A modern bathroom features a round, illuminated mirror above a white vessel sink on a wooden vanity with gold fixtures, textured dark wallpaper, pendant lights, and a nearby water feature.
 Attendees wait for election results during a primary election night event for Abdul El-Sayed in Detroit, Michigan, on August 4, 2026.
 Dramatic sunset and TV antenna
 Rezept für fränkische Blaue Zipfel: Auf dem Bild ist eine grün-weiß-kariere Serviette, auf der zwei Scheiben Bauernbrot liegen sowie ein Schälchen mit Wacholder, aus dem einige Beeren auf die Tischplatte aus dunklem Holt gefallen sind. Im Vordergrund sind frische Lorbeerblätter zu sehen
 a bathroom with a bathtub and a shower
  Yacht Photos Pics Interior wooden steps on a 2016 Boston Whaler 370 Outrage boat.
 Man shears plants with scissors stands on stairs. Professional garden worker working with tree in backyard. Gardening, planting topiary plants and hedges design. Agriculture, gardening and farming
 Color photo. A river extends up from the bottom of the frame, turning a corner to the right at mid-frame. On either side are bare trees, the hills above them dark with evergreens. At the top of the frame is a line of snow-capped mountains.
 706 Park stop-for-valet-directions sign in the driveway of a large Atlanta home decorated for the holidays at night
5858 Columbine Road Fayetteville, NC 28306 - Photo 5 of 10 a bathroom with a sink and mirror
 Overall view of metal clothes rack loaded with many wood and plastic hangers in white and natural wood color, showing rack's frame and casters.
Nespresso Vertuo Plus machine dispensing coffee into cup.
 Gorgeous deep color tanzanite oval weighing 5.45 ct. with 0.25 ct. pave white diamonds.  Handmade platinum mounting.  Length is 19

## Task instructions
Every entry must appear in the answer, reproduced exactly.

## Exercise response
A modern bathroom features a round, illuminated mirror above a white vessel sink on a wooden vanity with gold fixtures, textured dark wallpaper, pendant lights, and a nearby water feature.
 Attendees wait for election results during a primary election night event for Abdul El-Sayed in Detroit, Michigan, on August 4, 2026.
 Dramatic sunset and TV antenna
 Rezept für fränkische Blaue Zipfel: Auf dem Bild ist eine grün-weiß-kariere Serviette, auf der zwei Scheiben Bauernbrot liegen sowie ein Schälchen mit Wacholder, aus dem einige Beeren auf die Tischplatte aus dunklem Holt gefallen sind. Im Vordergrund sind frische Lorbeerblätter zu sehen
 a bathroom with a bathtub and a shower
  Yacht Photos Pics Interior wooden steps on a 2016 Boston Whaler 370 Outrage boat.
 Man shears plants with scissors stands on stairs. Professional garden worker working with tree in backyard. Gardening, planting topiary plants and hedges design. Agriculture, gardening and farming
 Color photo. A river extends up from the bottom of the frame, turning a corner to the right at mid-frame. On either side are bare trees, the hills above them dark with evergreens. At the top of the frame is a line of snow-capped mountains.
 706 Park stop-for-valet-directions sign in the driveway of a large Atlanta home decorated for the holidays at night
5858 Columbine Road Fayetteville, NC 28306 - Photo 5 of 10 a bathroom with a sink and mirror
 Overall view of metal clothes rack loaded with many wood and plastic hangers in white and natural wood color, showing rack's frame and casters.
Nespresso Vertuo Plus machine dispensing coffee into cup.
 Gorgeous deep color tanzanite oval weighing 5.45 ct. with 0.25 ct. pave white diamonds.  Handmade platinum mounting.  Length is 19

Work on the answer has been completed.